Hit-or-miss it may have been, but it worked. Fresh, vibrant and yes, different to anything else going down at the time, the Preachers ended up with a deluge of offers from record companies. Their debut album was a huge success for its attitude as much as its content and while their Royal Highnesses Suede -about whom they are quietly scathing – have perhaps stolen their thunder in media circles, there's little doubt the Preachers are a band in the classic mould destined for all manner of heroics and shenanigans. "I‘ve got an awful lot of time for Happy Mondays,” says Richey somewhat surprisingly. "I do think they did make an awful lot of classic records. I can understand everything they said because I think they are one of the truest reflections of working class Britain in the last decade, in the way they dress and look and the things they say. But I feel sorry about the patronising way the press treated them. The press were very misguided the way they perceived Happy Mondays.” A university graduate who declares he had no future outside of music, Richey appears to have a dramatically romantic view of the whole working class ethos of rock. He infers that the Manics will not be around forever and ever the way the Stones have been and describes the demise of the Mondays as "the classic end to most working class bands – they destroy themselves."

"I find it sad that nobody seems to care that they've been destroying themselves. The press have made sure that they've had access to a certain lifestyle, but they don't seem to have any guilt about the fact that Shaun'll probably be dead in two or three years.

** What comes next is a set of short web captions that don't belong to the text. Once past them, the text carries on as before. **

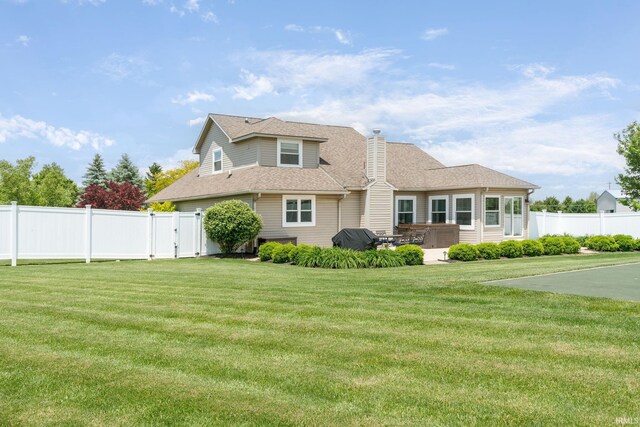 210 Meadows Dr, Greentown, IN 46936 - view of front of house featuring a chimney, a shingled roof, and a gate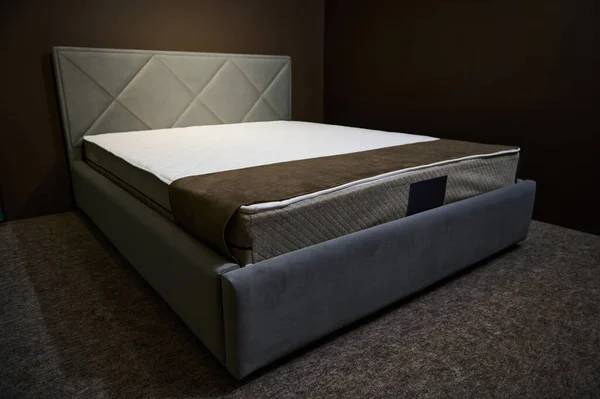 A comfortable modern stylish gray ouble beds with orthopedic hard mattresses, displayed for sale in the showroom of a furniture store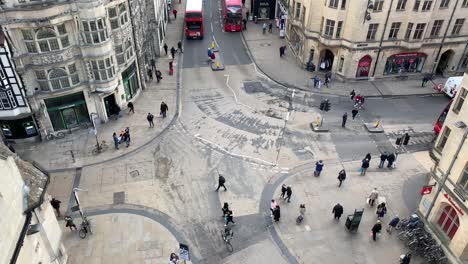 This-high-angle-view-of-the-intersection-between-High-Street-and-Cornmarket-in-Oxford-is-taken-from-the-top-of-Carfax-Tower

The Manics know something about press overkill, of course. Suede appear to have taken on their mantle as rock's great white hopes for the Nineties, but these boys have had their fill of headlines. "Well, we had 50-50 good and bad press, Suede have had almost universal adoration. We had similar levels of coverage, but some of it was quite nasty. They didn't seem to like the idea of a working class person going to university and being pissed off. Working classes were either portrayed as lager drinking yobs rampaging the streets or Smiths fans staying in bed all day looking miserable. They can't reconcile the two."